### The problem
Repeat the following data exactly, omitting pictures.

### Raw data
--- START ---

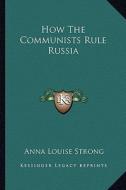 How the Communists Rule Russia di Anna Louise Strong edito da Kessinger Publishing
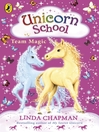 Team Magic (eBook): Unicorn School Series, Book 6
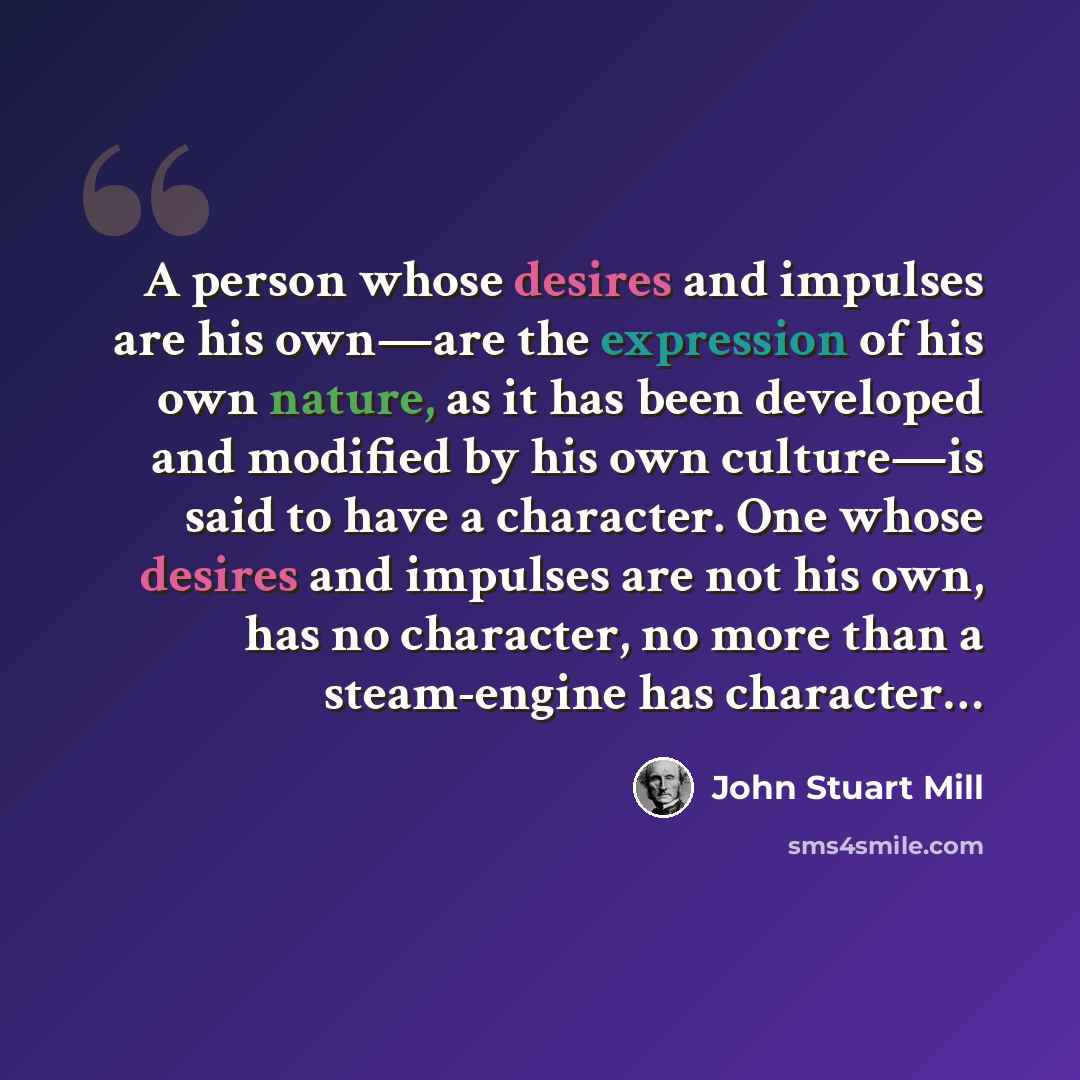 “A person whose desires and impulses are his own—are the expression of his own nature, as it has been developed and modified by his own culture—is said to have a character. One whose desires and impulses are not his own, has no character, no more than a steam-engine has character…” quote by John Stuart Mill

--- END ---

### Reply to the task
 How the Communists Rule Russia di Anna Louise Strong edito da Kessinger Publishing
 Team Magic (eBook): Unicorn School Series, Book 6
 “A person whose desires and impulses are his own—are the expression of his own nature, as it has been developed and modified by his own culture—is said to have a character. One whose desires and impulses are not his own, has no character, no more than a steam-engine has character…” quote by John Stuart Mill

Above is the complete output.